In the case of People v. Horowitz, 21 NY2d 55 (233 NE2d 453) (1967), the court in a case almost on all fours with this case said: "This record does not show that any of the law enforcement officers had facts before them sufficient to indicate that this anonymous informer was reliable, or that the police had other information, not derived from the informer, which was sufficient, in itself, to constitute probable cause."
In this case before the court, the state made no effort to prove the reliability or credibility of the third person involved. When Jones developed it through cross examination the state merely, in an inadequate way, tried to establish the reliability and/or credibility of his (Boyd's) immediate informer, not the "friend." This was insufficient in the light of Spinelli, supra; Aguilar v. Texas, 378 U. S. 108 (84 SC 1509, 12 LE2d 723) (1963) and Galgano v. State, 147 Ga. App. 284 (248 SE2d 548) (1978)
. In this case we have hearsay twice compounded. That is to say, "hearsay on hearsay." Therefore, under this set of facts, where the informant is transmitting information that is not firsthand but from a "friend," the entire evaluation process must begin again at the second level of remoteness. The primary informant (the "friend") must then pass along sufficient data in sufficient detail so that the magistrate may again judge for himself (1) the credibility of the secondary informant and (2) the worth of that secondary informant's information. Spinelli, supra. In a case where hearsay evidence is twice compounded, that is "hearsay on hearsay," the reliability and/or credibility must be shown not only for the conduit-informant but for the ultimate observer-informant, as well. (The friend in this case.) People v. Holup, 289 NYS2d 19 (29 AD2d 923) (1968).
In the case of Smith v. State, 136 Ga. App. 17 (220 SE2d 11) (1975)

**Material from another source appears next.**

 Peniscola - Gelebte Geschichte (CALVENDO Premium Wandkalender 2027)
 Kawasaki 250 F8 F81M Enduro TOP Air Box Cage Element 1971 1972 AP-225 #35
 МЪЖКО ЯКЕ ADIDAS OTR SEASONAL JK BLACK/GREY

, this court dealt with the issuance of a search warrant based upon an affidavit supported by "hearsay on hearsay." In doing this, Smith set up the requirement to be met in order for such "hearsay on hearsay" to be admissible in support of such a warrant.

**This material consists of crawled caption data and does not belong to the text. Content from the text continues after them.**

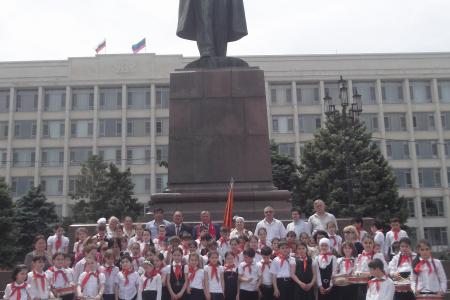 «Взвейтесь кострами синие ночи!». День пионерии в республике Дагестан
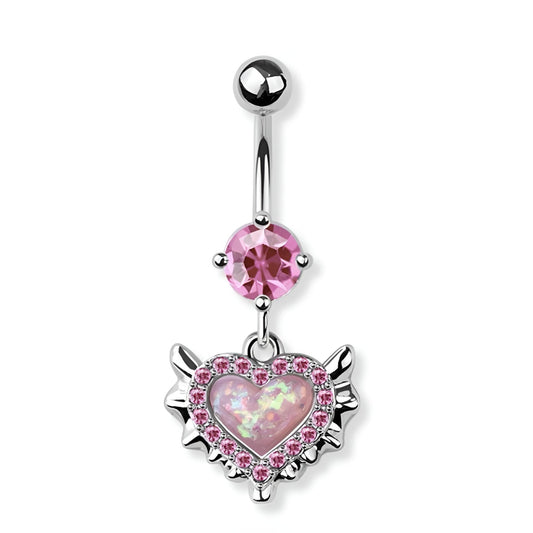 Mermaid Heart Belly Bar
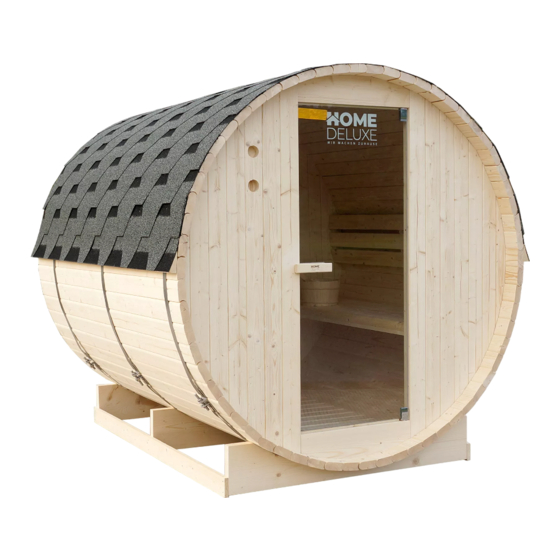 Home Deluxe LAHTI XL Gebrauchsanweisung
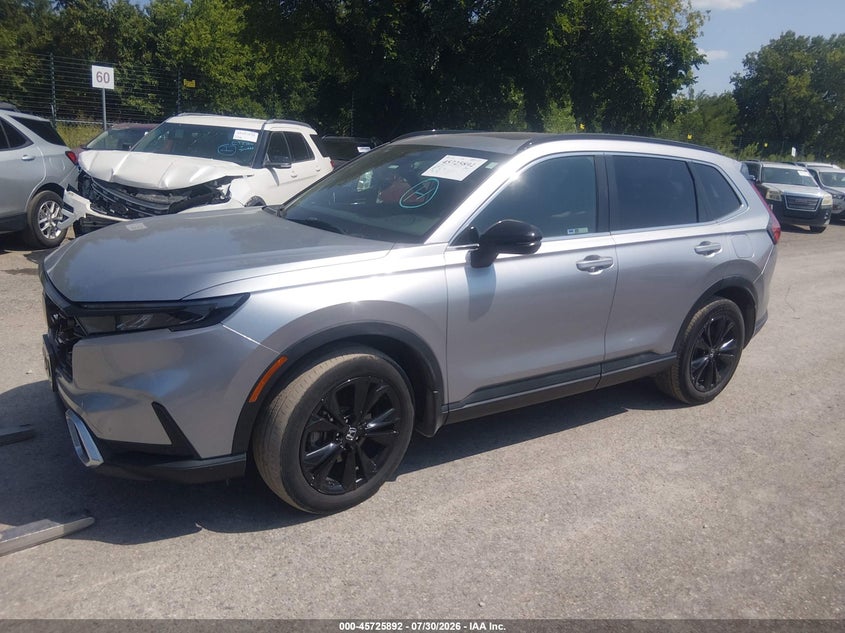 Vin: 2hkrs6h94ph806685, lot: 46224591, honda cr-v hybrid sport touring 20232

I think it is necessary to state the facts in Smith, supra, as it fits this case to a "T." "On November 5, 1974 a police officer went before a justice of the peace to obtain a search warrant. His affidavit stated that he had been contacted by a reliable confidential informant who had given information on two prior occasions which led to three arrests and recovery of drugs. This informant, referred to as Source A, had spoken to another person -- Source B, within seven days prior to November 1, 1974. Source A had known Source B for over two years and they had purchased, possessed and sold drugs together "on a partnership basis." Source A stated that Source B regularly bought drugs from the defendant and he had been with Source B when he (B) bought drugs from the defendant. Source B informed Source A, within seven days prior to November 1, 1974, a defendant had spoken to him by telephone and said he had a quantity of cocaine at his premises. Source B did not know that Source A would give this information to a law enforcement officer. The affiant had previously interviewed other sources who stated they had bought or seen drugs at defendant's home. Police records revealed defendant had been arrested for sale of one drug and possession of marijuana. The warrant issued and the ensuing search on November 5, 1974 resulted in confiscation of marijuana, codeine, phencyclidine, nontax-paid alcohol, and a sawed-off shotgun." The court then said: "The affiant's recitation in the affidavit of the confidential informant's information was hearsay. Hearsay may support the issuance of a valid warrant if the magistrate is informed of some of the underlying circumstances supporting the affiant's conclusions and his belief that the informant was credible or his information reliable. United States v. Ventresca, 380 U. S. 102, 108 (1965); Grebe v. State, 125 Ga. App. 873 (189 SE2d 698)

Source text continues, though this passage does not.